• [INPUT DATA]
● ● ● ● ●
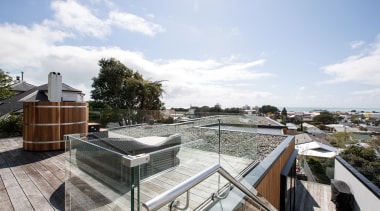 Soaking in the views – a  rooftop spa home, house, outdoor structure, property, real estate, roof, water, white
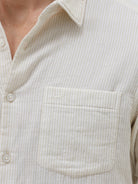 A man wearing a light beige linen long-sleeve button-up shirt with a chest pocket, paired with dark blue jeans, standing against a plain white studio background.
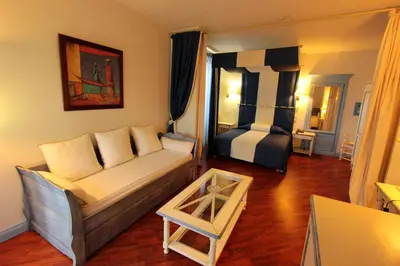 a living room with a couch and a bed at Hotel Moderne Et Pigeon in Limoux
● ● ● ● ●
• [EXERCISE OBJECTIVE]
Apart from the pictures, all of the data should be repeated exactly.

• [RESULT FOR THIS TASK]
 Soaking in the views – a  rooftop spa home, house, outdoor structure, property, real estate, roof, water, white
 A man wearing a light beige linen long-sleeve button-up shirt with a chest pocket, paired with dark blue jeans, standing against a plain white studio background.
 a living room with a couch and a bed at Hotel Moderne Et Pigeon in Limoux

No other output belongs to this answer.